Mai più senza (resilienza)
Ci sono momenti in cui ci aggrappiamo ad alcune parole come fossero salvagenti per tenerci a galla o formule magiche per limitare e tenere a bada la fragilità. Forse per questo, spaventati dal clima pandemico, facciamo così
sovente ricorso alla parola resilienza. Che non è vocabolo nato in laboratorio come antidoto o vaccino al Covid-19. Esiste da tempo, anche se è stato il nuovo millennio a battezzarlo come parola-chiave.
Nel 2011 l’Accademia della Crusca ha sentito il bisogno di tracciare una lunga “biografia” della parola, dalle sue origini latine ai giorni nostri: «Con il significato di “capacità di sostenere gli urti senza spezzarsi”, la parola resilienza ha guadagnato, negli ultimi anni, una sorprendente popolarità, tanto improvvisa da favorirne la percezione come di un calco dall’inglese. Il termine, in realtà, era già presente nel vocabolario italiano, anche se il suo uso e il suo significato – prettamente tecnici – si celavano ai non specialisti. In fisica e in ingegneria resilienza indica la capacità di un materiale di resistere a un urto, assorbendo l’energia che può essere rilasciata in misura variabile dopo la deformazione… Resilienza non è un sinonimo di resistenza: il materiale resiliente non si oppone o contrasta l’urto finché non si spezza, ma lo ammortizza e lo assorbe, in virtù delle proprietà elastiche della propria struttura».

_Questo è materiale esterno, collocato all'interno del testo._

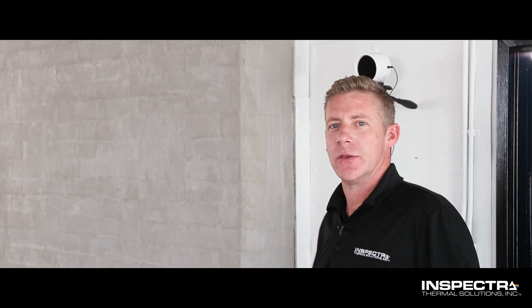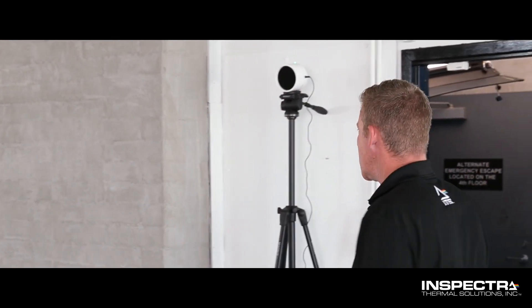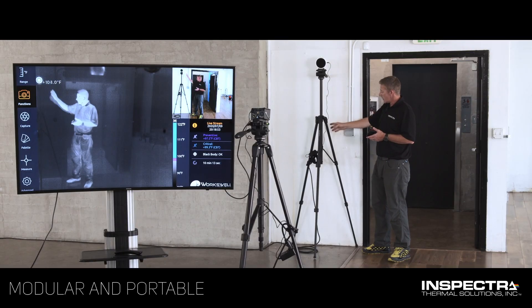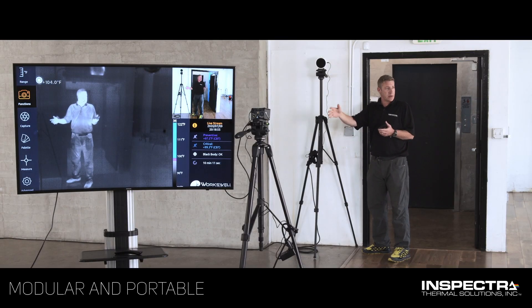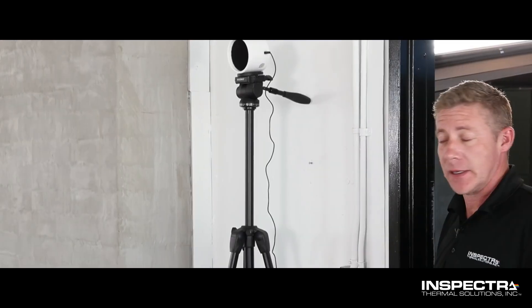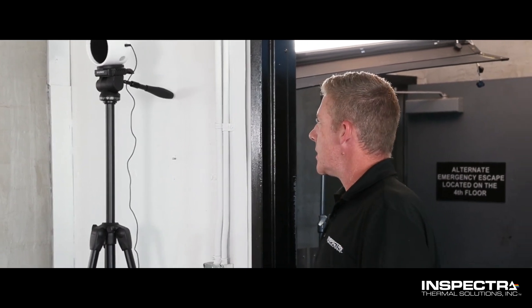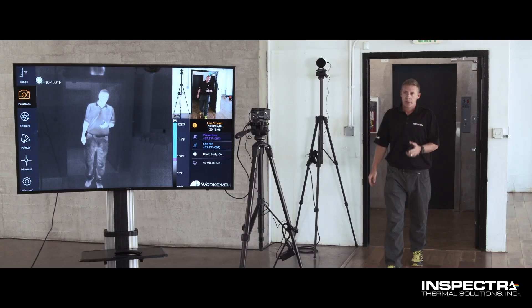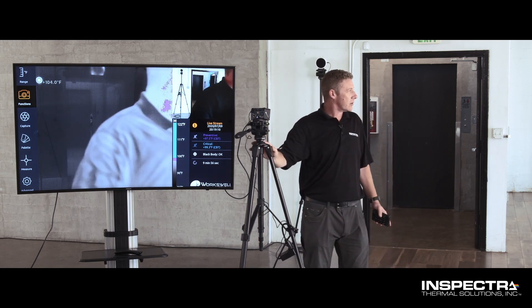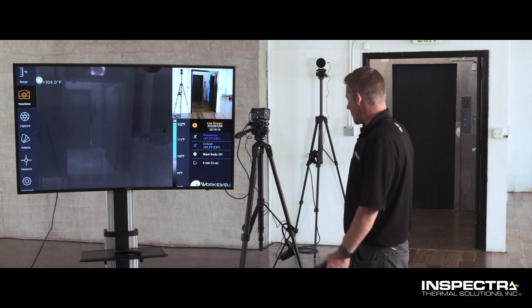I'd like to finish showing you the setup for the elevated body temperature scanner, the Metacast system. We've got the temperature control module mounted on the tripod, so it is modular if I need to move it around, but at this point it's set. I'd like to record the temperatures of the actors and cast coming in here at Apex Studios. Come over here and see the camera system set up on a tripod as well. We've got everything locked down and secured, with all the cables out of the way.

Per superare certi momenti dunque non basta resistere bisogna… Del verbo latino resilire (saltare indietro) non abbiamo continuazioni in italiano; il francese e l’inglese hanno invece a disposizione rispettivamente resilier e to resile. Come ha scritto anni fa Stefano Bartezzaghi, «chi risiede ha una residenza, chi resiste ha una resistenza, chi riverisce ha una riverenza, ma chi ha resilienza cosa sta facendo? Sembra uscita dal nulla, o dall’ombra, e questo conferisce una lieve connotazione ermetica che non nuoce, in una parola che si voglia diventi di moda».
Dentro la parola resilienza si annida una concupiscenza che sarebbe piaciuta molto a Giorgio Manganelli: qualcosa che assomiglia a una carica emotiva, a una fascinazione, a un fastello di attributi e sensazioni. Dici o scrivi resilienza e t’incammini per un sentiero di significati, di assensi, di congiunture opportune o insensate. Per questo, forse, la usiamo con troppa insistenza e poca consistenza.